Consumentenbescherming

INLEIDING

Dankzij de Europese Akte en de ontwikkeling van het concept van het Europa van de burgers kon de prioriteit die het Verdrag van Rome verleent aan het vrije verkeer worden gekoppeld aan de inspanningen op het gebied van het milieu, de gezondheid en de consumentenbescherming.

Vervolgens is grote vooruitgang geboekt met het Verdrag betreffende de Europese Unie, dat een speciaal artikel (artikel 129A, vernummerd tot 153) over de consumentenbescherming in het Verdrag tot oprichting van de Europese Gemeenschap heeft opgenomen. Meer recent heeft het probleem van de "gekkekoeienziekte" geleid tot eisen om de consumentenbescherming en consumentenvoorlichting binnen de Europese Unie te verbeteren.
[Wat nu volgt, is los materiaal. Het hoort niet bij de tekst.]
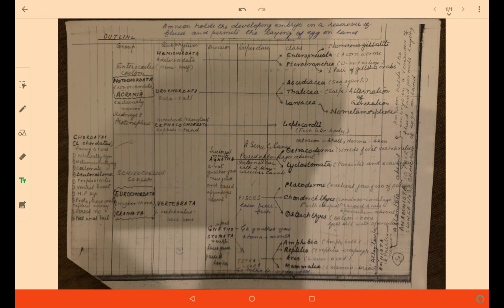Cephalochordata is another sub-phylum of Protochordata. Cephalo means head, and they have a notochord throughout their body length, projecting into the head region. The only class they belong to is Leptocardii. They have a fish-like body and are small in size.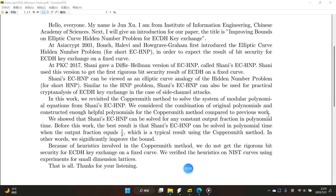Before this work, the best result was that Shiny's ECHNP can be solved in polynomial time when the output function equals 1/2, which is a typical result using the Coppersmith method. In other words, we significantly improve the bound. Because of the heuristic involved in the Coppersmith method, we do not get a rigorous bit security result for ECDH Key Exchange on a fixed curve. We verified the heuristic on listed curves using experiments for small-dimensional lattices.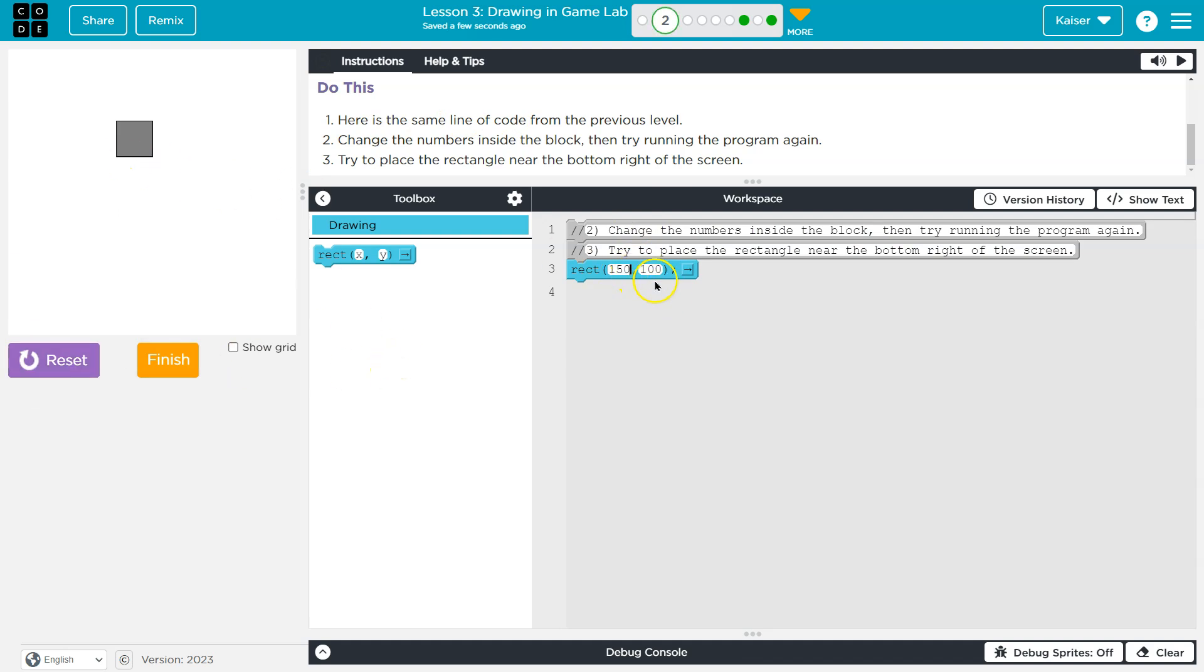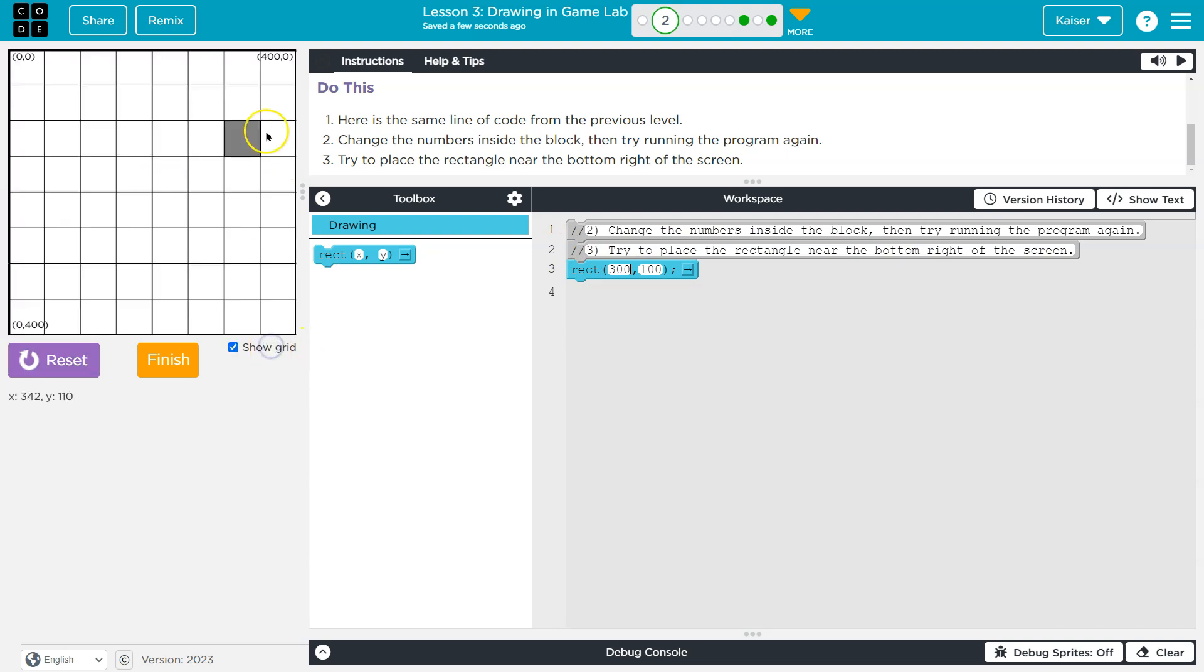And notice that it shifted over. And if you don't believe it, let's do 300. Way over.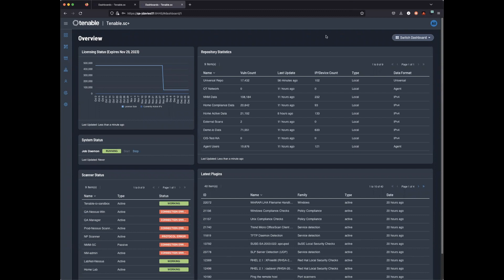This is available in both SC and SC+. In Tenable SC 5, repositories must be separated by IPv4, IPv6, and agents.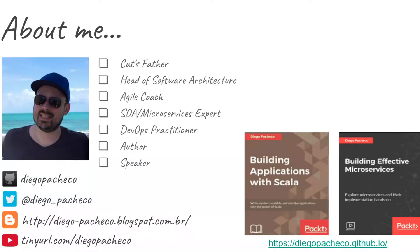Hello guys, my name is Diego Pacheco and this will be a Terraform video.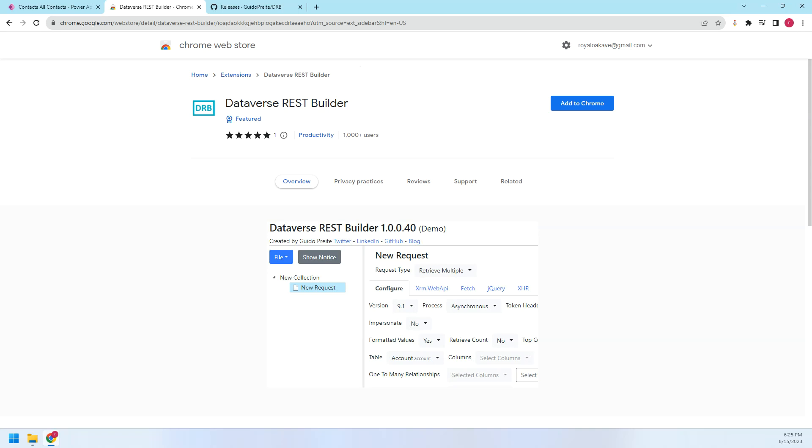Hi guys, today I want to quickly share with you a handy and useful tool named Dataverse REST Builder. This tool can help us create and execute requests against the Dataverse Web API endpoint.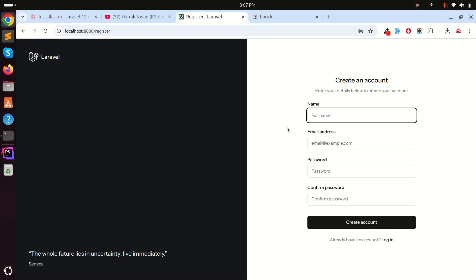You can see that Laravel 12 provides a proper starter kit with Tailwind CSS — I love it. If you liked this video, share it and subscribe to my channel. Thank you so much for watching.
Het Verdrag van Amsterdam beoogt aan deze verwachtingen te voldoen en meer vat te krijgen op de situatie door de wijziging van artikel 153 (oud artikel 129A) van het Verdrag tot oprichting van de Europese Gemeenschap. De bepalingen betreffende de consumenten zijn verbeterd door een duidelijkere omschrijving van de doelstellingen van de Gemeenschap en een betere verankering in de andere beleidsgebieden.

HISTORISCH OVERZICHT

Aanvankelijk bevatte het Verdrag van Rome geen officiële juridische basis voor de consumentenbescherming, maar reeds voor de officiële erkenning door het oude artikel 129A was de communautaire actie ook op deze bescherming gericht. Als voorbeelden kunnen worden genoemd de richtlijn van 1979 betreffende de bescherming van de consument inzake de prijsaanduiding van levensmiddelen gebaseerd op artikel 235 (nu 308) van het Verdrag tot oprichting van de Europese Gemeenschap, alsmede de richtlijnen betreffende misleidende reclame (1984) en de bescherming van de consument bij buiten verkoopruimten gesloten overeenkomsten (1985), gebaseerd op artikel 100 (nu 94) van dit Verdrag.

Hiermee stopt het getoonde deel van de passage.